GIVEN RECORDS: Begin

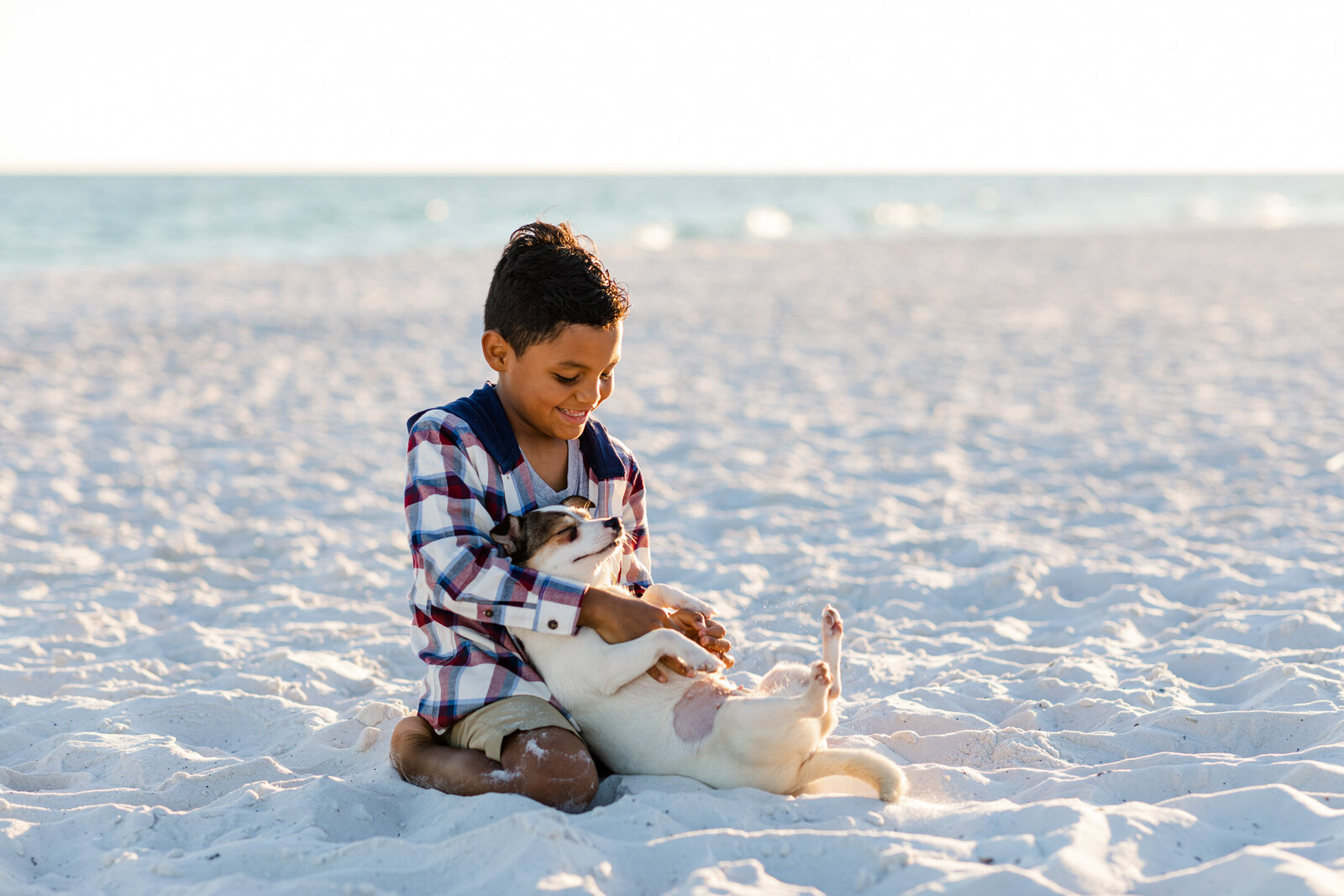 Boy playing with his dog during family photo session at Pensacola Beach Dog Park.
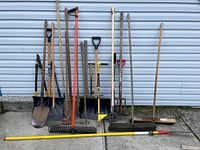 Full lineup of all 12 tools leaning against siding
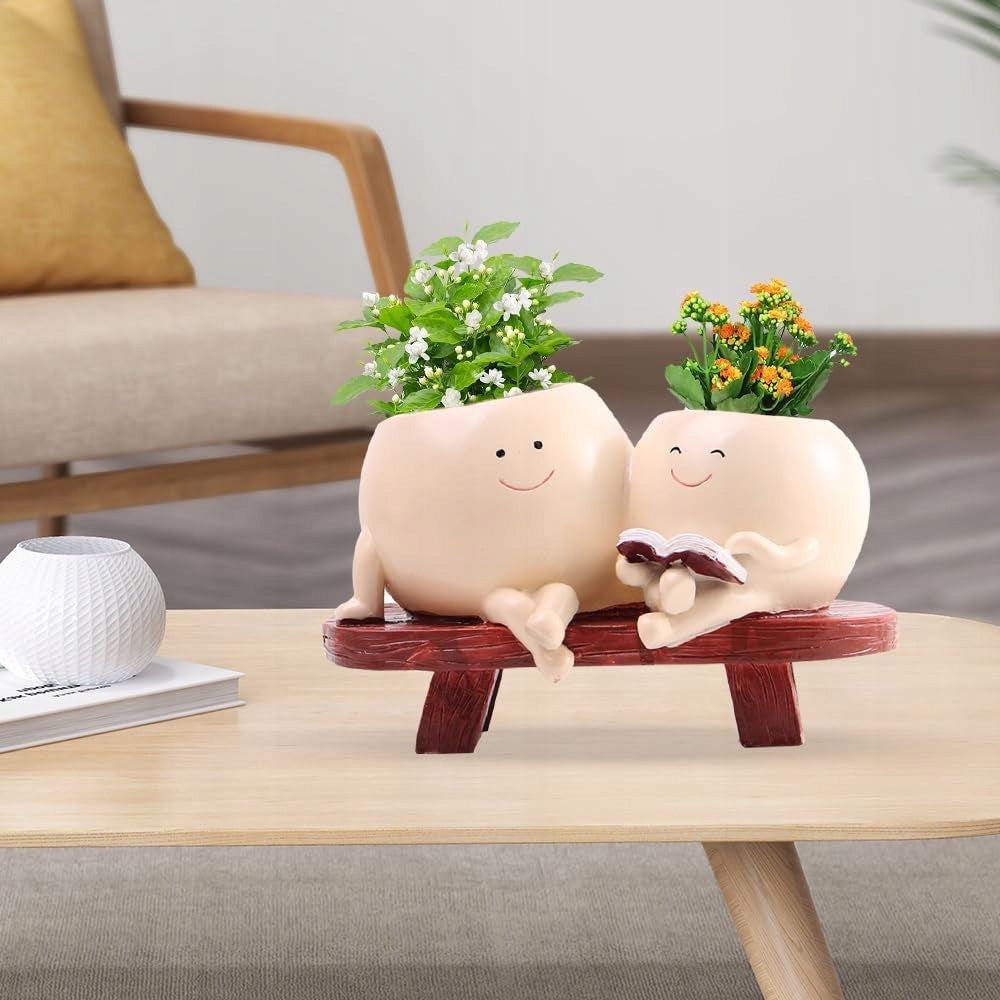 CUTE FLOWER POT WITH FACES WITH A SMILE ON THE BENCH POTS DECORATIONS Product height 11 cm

GIVEN RECORDS: End
GIVEN RECORDS: Begin

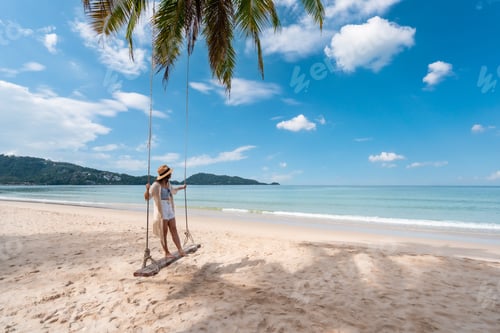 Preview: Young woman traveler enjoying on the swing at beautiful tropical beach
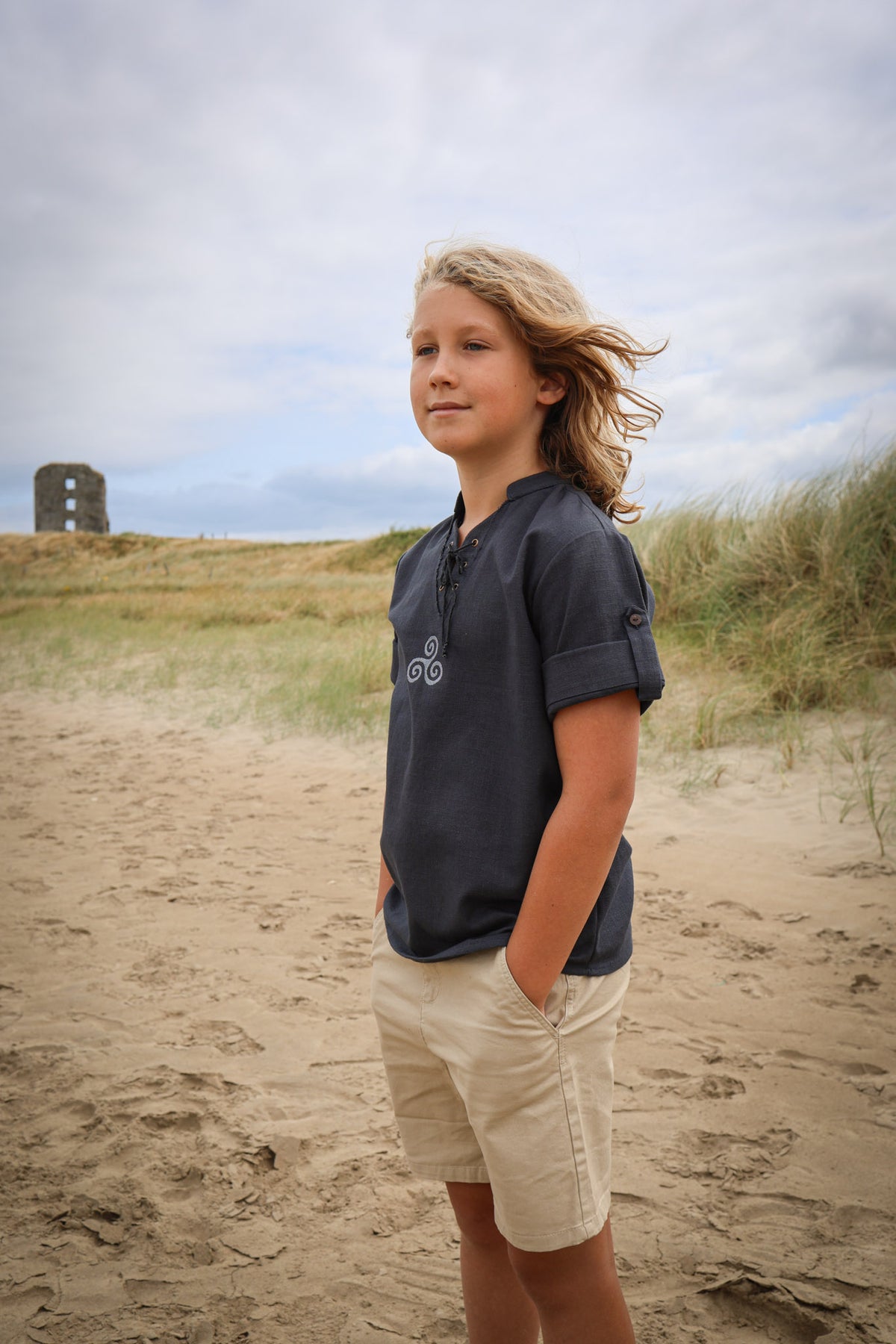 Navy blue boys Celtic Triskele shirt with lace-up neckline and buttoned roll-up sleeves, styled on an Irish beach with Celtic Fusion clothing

GIVEN RECORDS: End
GIVEN RECORDS: Begin

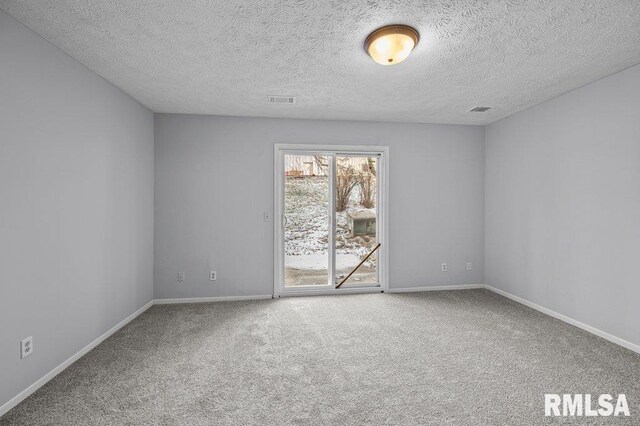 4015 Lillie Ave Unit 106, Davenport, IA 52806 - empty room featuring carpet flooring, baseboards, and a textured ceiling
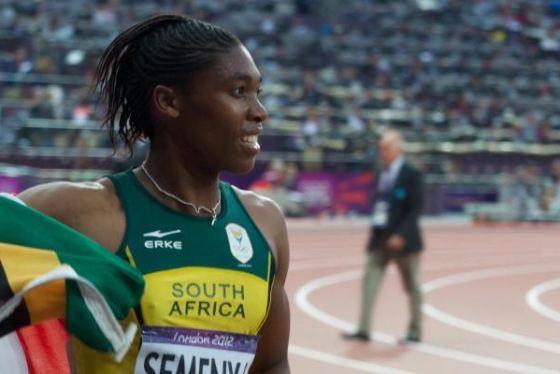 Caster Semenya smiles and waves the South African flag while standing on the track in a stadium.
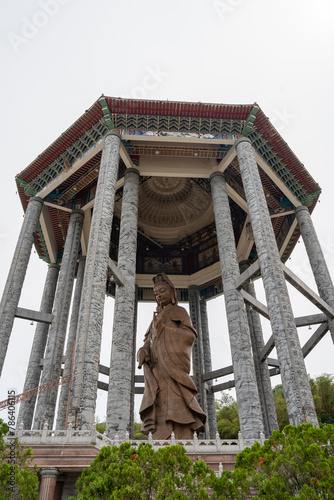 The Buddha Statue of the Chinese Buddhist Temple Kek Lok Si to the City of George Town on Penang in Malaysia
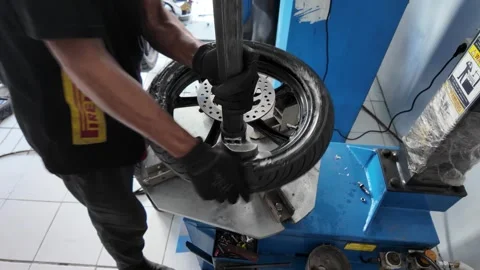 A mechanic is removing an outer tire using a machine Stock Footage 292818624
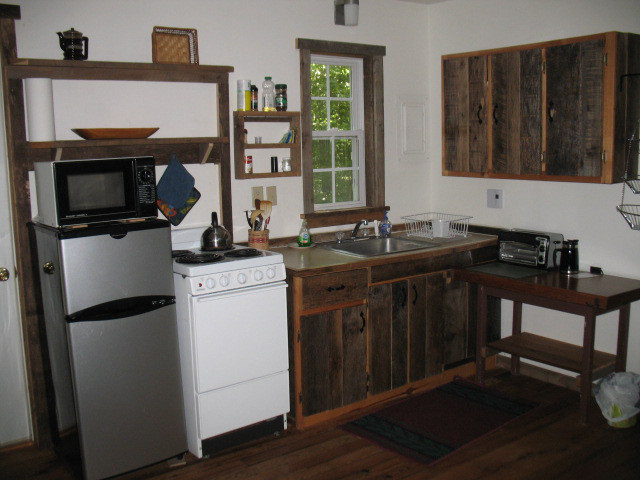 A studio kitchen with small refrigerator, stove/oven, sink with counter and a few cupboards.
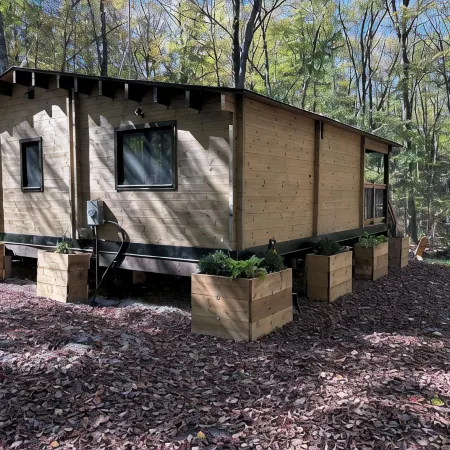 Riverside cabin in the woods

GIVEN RECORDS: End

▸ **PROBLEM TO WORK ON**:
Without the pictures, give again exactly the lines above starting at the line containing "The Buddha Statue" and ending at the line containing "Riverside cabin in the woods".

▸ **RESPONSE TO THIS EXERCISE**:
 The Buddha Statue of the Chinese Buddhist Temple Kek Lok Si to the City of George Town on Penang in Malaysia
 A mechanic is removing an outer tire using a machine Stock Footage 292818624
 A studio kitchen with small refrigerator, stove/oven, sink with counter and a few cupboards.
 Riverside cabin in the woods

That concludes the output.